A violência do passado continua a ecoar nas novas gerações, algo que colocou dúvidas na mente dos cineastas.

"Filmar o massacre era um grande dilema. Se por um lado é uma história que deve ser contada, por outro não nos interessava produzir imagens que perpetuassem novamente uma violência. Percebemos que a única forma de filmar essa sequência era a partir da memória compartilhada, a partir de relatos, do que ainda perdura no imaginário coletivo de um povo que insiste em sobreviver”, comenta Renée.

"A Flor do Buriti" foi filmado durante quinze meses, em película 16mm, dentro da Terra Indígena Kraholândia. Tal como em "Chuva é Cantoria na Aldeia dos Mortos", foi usada uma equipa muito reduzida, dividida entre indígenas e não indígenas. Relatos históricos baseados em conversas e a realidade atual da comunidade serviram de base para a construção da narrativa.

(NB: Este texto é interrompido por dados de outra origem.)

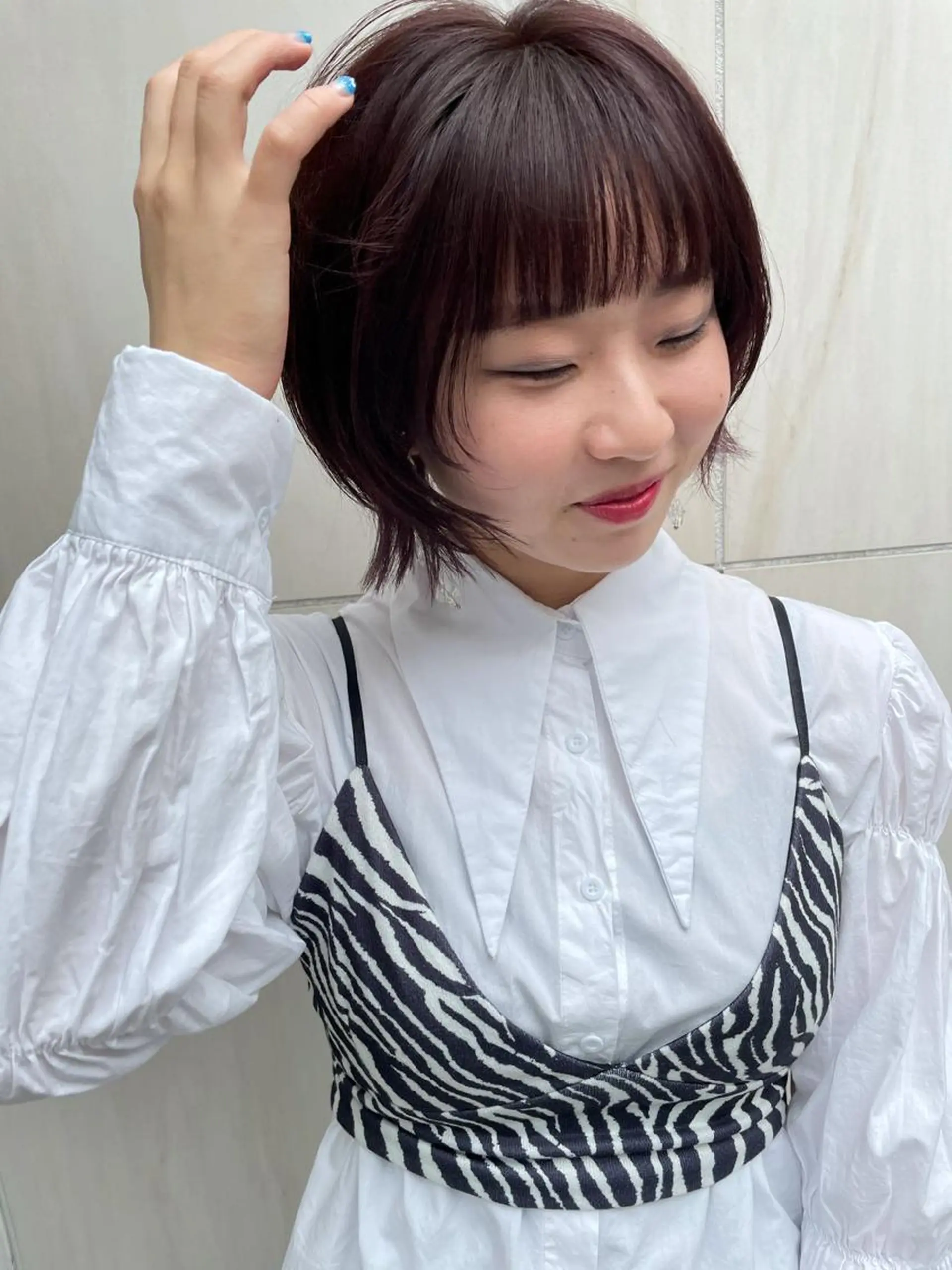 ミディアム カラー パーマ ヘアアレンジ メンズ キッズ ネイル マツエク・マツパ ピンクカラー パープルカラー カラーマツエク ピンク パープル カット ヘアカラー トリートメント tatsumi/ボブ ウルフ/レイヤーのヘアスタイル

“A importância dos povos originários não reside apenas no conhecimento ancestral, mas também na elaboração de tecnologias totalmente sofisticadas de defesa da terra. Os Krahô estão radicalmente na contemporaneidade. O Festival também será importante como lugar para se formar novas alianças, e usar a sua capacidade de sedução cultural para que possam ser reativadas no futuro. De facto, o bolsonarismo foi um verdadeiro massacre, tanto na destruição dos povos e os seus direitos, como da terra. Agora, o que acontece é uma contra-ofensiva muito mais bela e forte que também tentamos filmar. O mundo está atento aos Krahô. É muito bom para nós, cineastas e aliados, ver o lugar que o filme pode ocupar.”, ressalta João Salaviza sobre a importância de integrar a Seleção Oficial de Cannes.

O filme será exibido pela primeira vez no Festival de Cannes, entre 16 e 27 de maio. Em 2018, a dupla João Salaviza e Renée Nader Messora, recebeu o Prémio Especial do Júri com "Chuva é Cantoria na Aldeia dos Mortos", sendo até hoje o único filme português premiado na secção Un Certain Regard.